Work request:
Every line of the data below should be repeated exactly, and no picture should be copied.

Information shown:
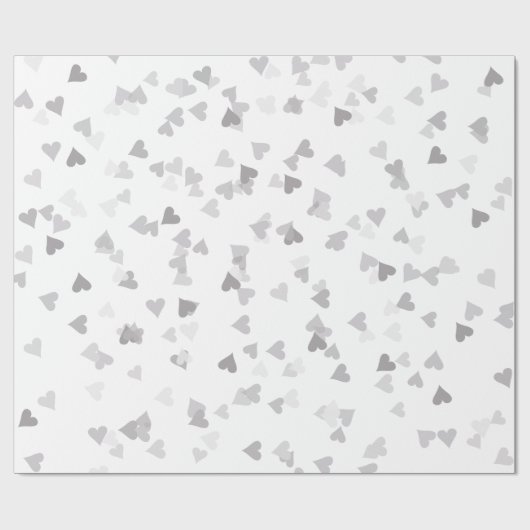 Chic Zilveren Harten Confetti Cadeaupapier (Vlak)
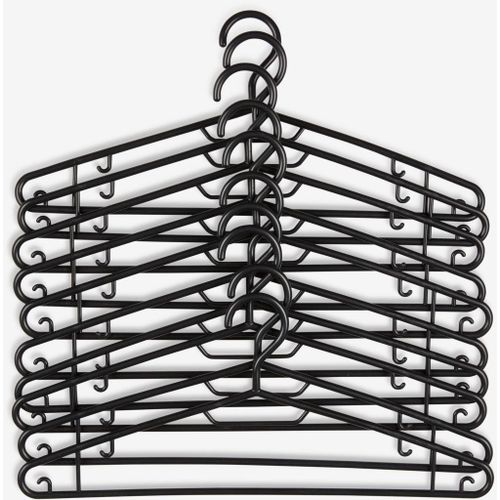 10 Cintres noirs en polypropylène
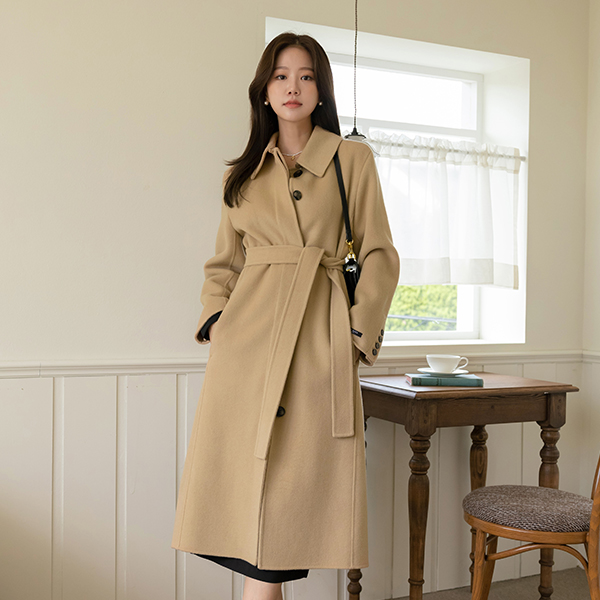 Classic Mood Hidden Button Polo Hand-Made Wool Coat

Response area:
 Chic Zilveren Harten Confetti Cadeaupapier (Vlak)
 10 Cintres noirs en polypropylène
 Classic Mood Hidden Button Polo Hand-Made Wool Coat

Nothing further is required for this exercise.